Changing requirements
It is not uncommon for a company to realise that the requirements for an open position have evolved since the original posting. For example, when looking to recruit a vacated position, the initial reaction is to try to find a resource with similar skills to the person who had previously held the position. While this may work in many cases, it is possible that the position itself has evolved and, often, companies only realise this after interviewing a few candidates. A change in the job requirements can certainly extend the hiring process by weeks – if not months.
During times of economic downturn, the number of open positions is vastly outnumbered by the number of qualified candidates. (It should go without saying that searching for a new job during a time of economic depression will be a difficult and lengthy ordeal). As such, companies can be extremely selective during their recruiting process and can afford to hold out for the perfect candidate. While the recruiting process is costly for a company, hiring an ill-suited resource is even costlier. If you are finding that there is a scarcity of jobs in your industry, you may be in for a long search.
Believe it or not, some companies actually do not know what they are looking for.
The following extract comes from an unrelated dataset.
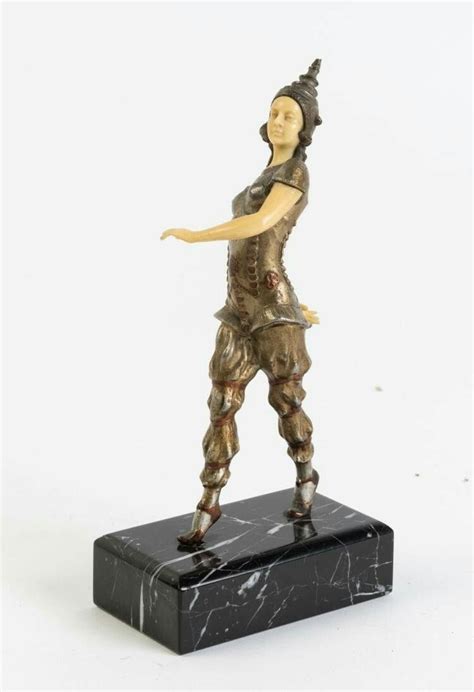 An Art Deco Cold Painted Bronze And Ivorine Figure Of A Eastern Dancer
A hiring manager once told me that he did not know what he was looking for during an interview but was confident that he would know it once he saw it. Of course, this type of approach is impossible to legislate and can be incredibly difficult for all those involved. Without a reasonably tight set of requirements, the recruiting process can be infinite; interviewing dozens of candidates with disparate skill sets takes a great deal of time and effort and can be extremely wasteful.
Despite the fact that there are small armies of dedicated recruiters actively looking for qualified candidates, your job search will only be as successful as the amount of effort you put in. Some people say that searching for a job is a full-time job in and of itself; it requires a certain amount of skill, persistence and time. Don’t expect to be successful if you are not willing to dedicate a certain amount of effort.
If you find yourself looking for a new opportunity, your best approach is to remain calm and to remember that it will take time. The job market is more competitive than ever and there are numerous factors that will impact your eventual success.

Ultimately, you need to stay focused and positive and, like your mum always said, good things come to those who wait. Good luck!